Have you ever wanted your computer to smell like a student house party? Probably not, but for the niche group of people who want to make that dream a reality, we’ve got some good news for you.
Popular computing YouTuber Bitwit built a dedicated Jägermeister ring-shaped gaming PC this week, which is an interesting design in itself but certainly lifted by the fact that the system has 1.5 liters of cooled Jägermeister running through it rather than a traditional coolant. At least temporarily, since swapping out distilled water or coolant made specifically for sugar alcohols isn’t good for your computer components.
Don’t try this at home
YouTube Bitwit host Kyle Hansen was careful throughout his video to stress that the coolant swap experience was mostly focused on aesthetics rather than actual performance, but that doesn’t mean the design didn’t have some quality hardware, including the 64 1 gig of Corsair Dominator Platinum RGB memory, EVGA RTX 3080, AMD Ryzen 9 5950X, 1000W power supply.

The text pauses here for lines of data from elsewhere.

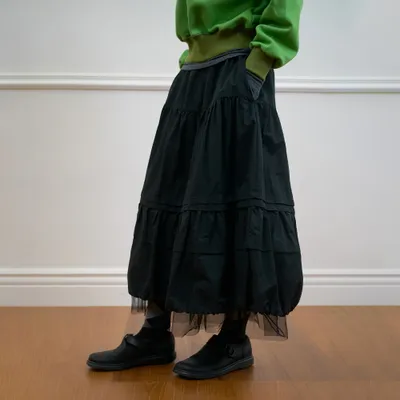 Chân váy chữ A Basic Dáng đẹp 0061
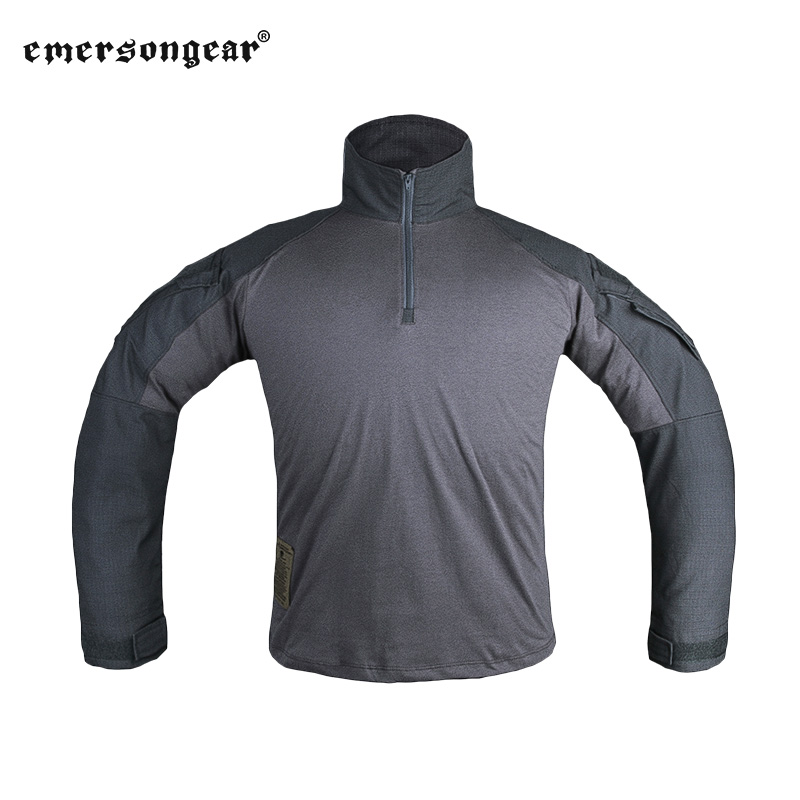 Love Merson EmersonGear G3 Tactical T Sports Tactical Upper Combat Training Wear Outdoor Long Sleeve Pure Color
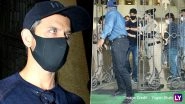 Hrithik Roshan Mobbed by Media As He Exits the Mumbai Crime Branch After 3 Hours of Questioning (View Pics)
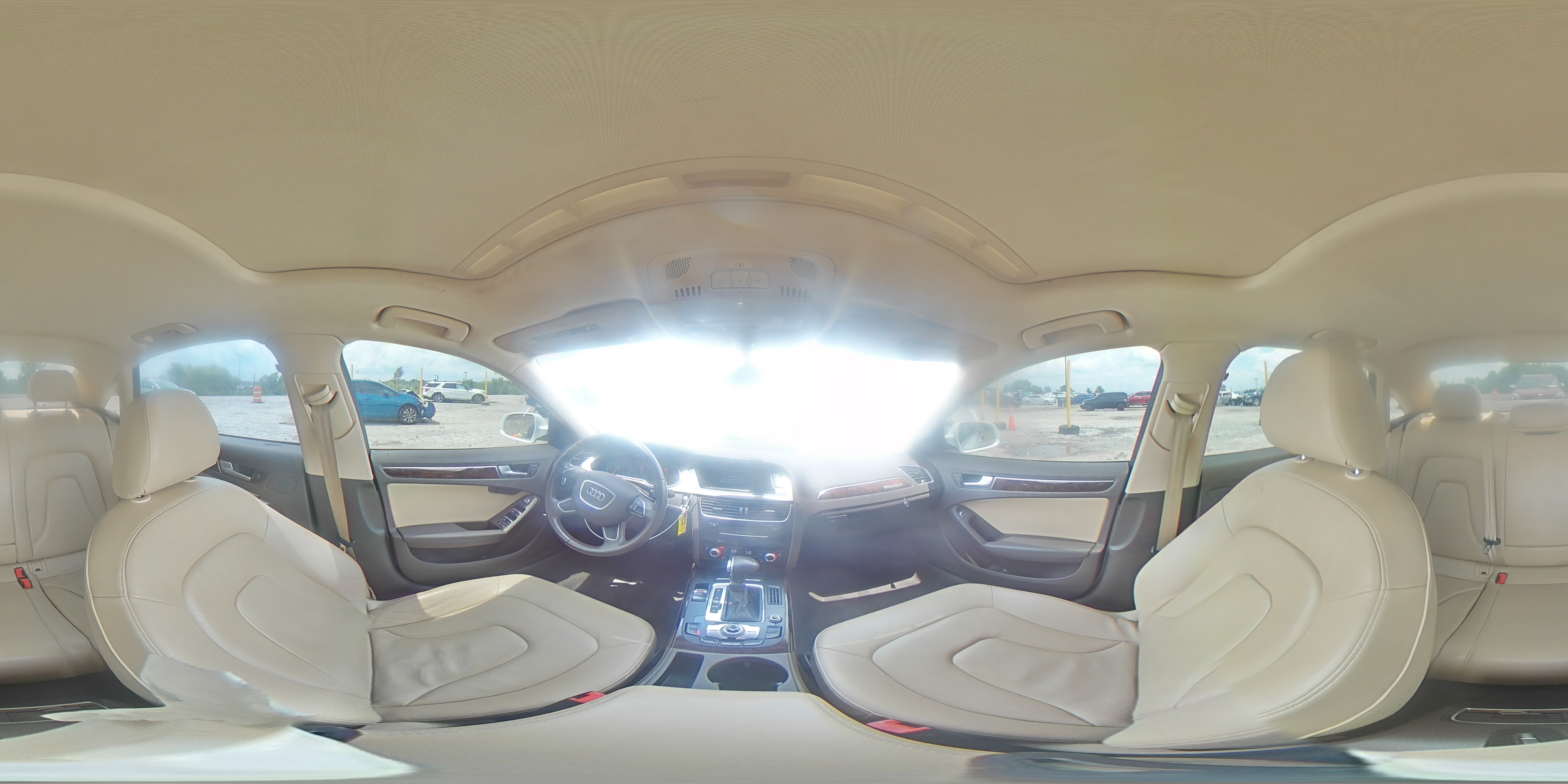 2013 Audi A4 Premium Plus VIN: WAUFFAFL6DN039780 Lot: 61222615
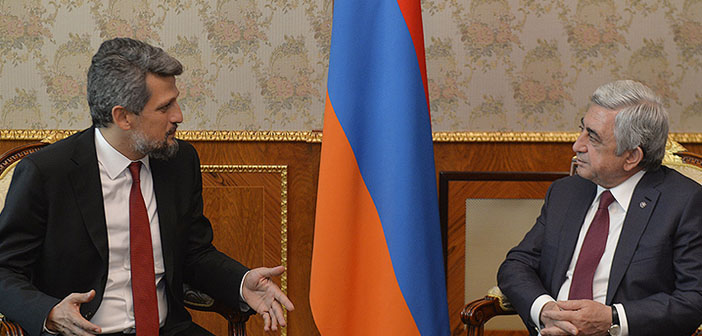 ‘Demokratik Türkiye Ermenistan’ın da lehine”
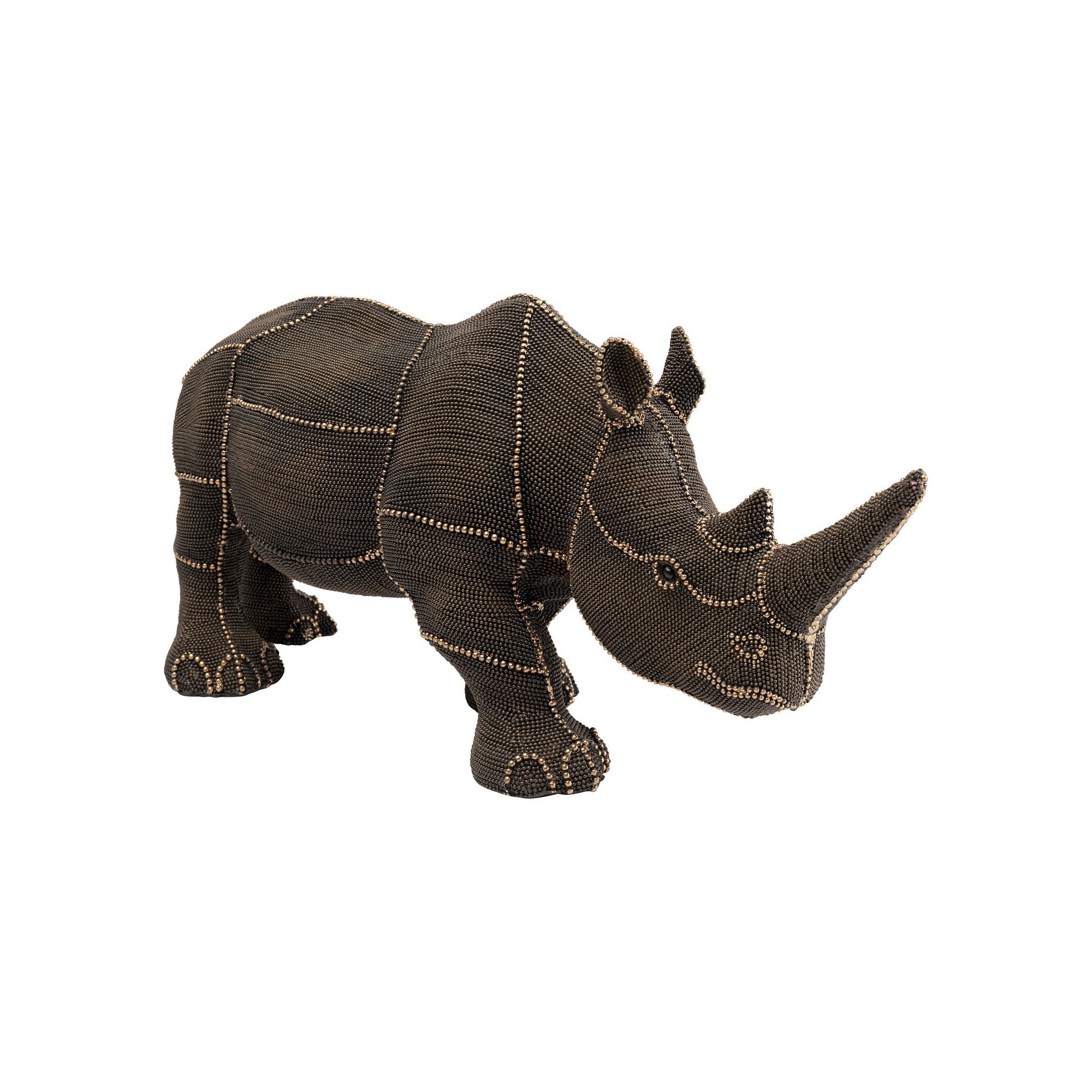 Déco Rhino Rivets 25cm Kare Design
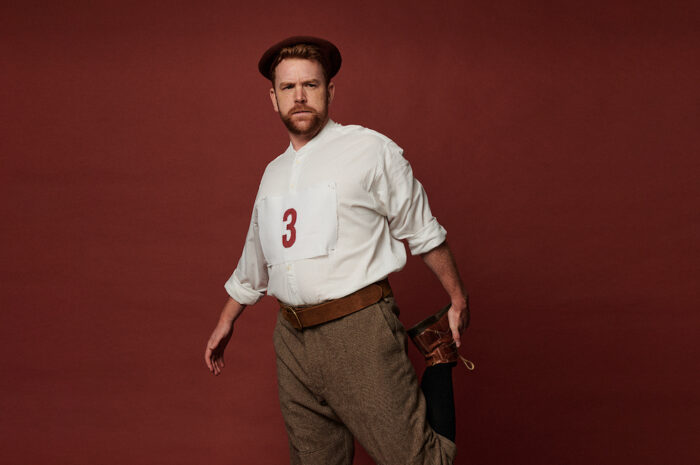 Nic Sampson: “Marathon, 1904,” at Edinburgh Fringe 2022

The real Jägermeister was eventually replaced with a similar-looking coolant to preserve the life of the computer, with Hansen stating that “countless demonstrations across the web have shown that alcoholic beverages, whether Jägermeister or beer, are prone to rotting if left in the water-cooling ring for too long.” “. Smelly problem for sure, but that’s not all. Unsuitable liquids such as soda and soda will corrode metal fittings in a custom ring over time, and alcohol is known to corrode in acrylic.
For as long as the original German Digest has been flowing through the episode, tests have actually revealed that it’s not is very Terrible at cooling computers. The Ryzen 9 5950X averaged around 57 degrees Celsius (134 degrees Fahrenheit) on an episode of the Cinebench R23, which is a far cry from a great recording but still manages to do a decent job.
It’s unwise to do something like this in the long run, but people forget (or never have) the fact that there is a vast PC modification community that is happy to risk PC hardware in their quest to create some seriously cool looking systems.
Or maybe try it, we’re not your mom
Was this build a stupid idea? We certainly don’t think so. People use all kinds of ill-advised fluids to experiment with water cooling solutions, most of which are not meant to be serious. The JayzTwoCents site includes a few videos of computers having the cooler replaced with milk, orange juice, and even beer.
So why replace the original coolant at all? Mostly because it’s just some silly fun, but you don’t really know what you might get stuck in, even when the experiences seem outrageous. One common premise in the mod community is to submerge a computer in mineral oil for better heat distribution, which is a messy system but works better than conventional air or water cooling if you can get it right. Then you have a computer that you can put in a fish tank, which is definitely a unique look (but please don’t add any live fish, be kind to your pets).
The PC mod community also doesn’t need to focus as much on improving performance as they do the raw aesthetics of their architectures. You can even buy custom-made coolant from trusted suppliers like CryoFuel that has micro-sheen, and almost all of them have a warning against using the fluid for display rather than everyday building builds because it can clog your system.
You can see crazy and impressive designs in shows like Computex (we last attended in 2019 and noticed some weird and wonderful PCs), and in the CoolerMaster Case Mod World series.
If you’re happy to take risks with your computer’s components, why not experiment a little? We certainly wouldn’t recommend fiddling with your single system, especially if it has expensive hardware like the RTX 3090 graphics card inside, but if you’re aware of the risks, this could be the prelude to a fun new hobby. Keep in mind that modifications will likely void your device’s warranty and do nothing truly Stupid is like setting your system on fire, but other than that – have some fun.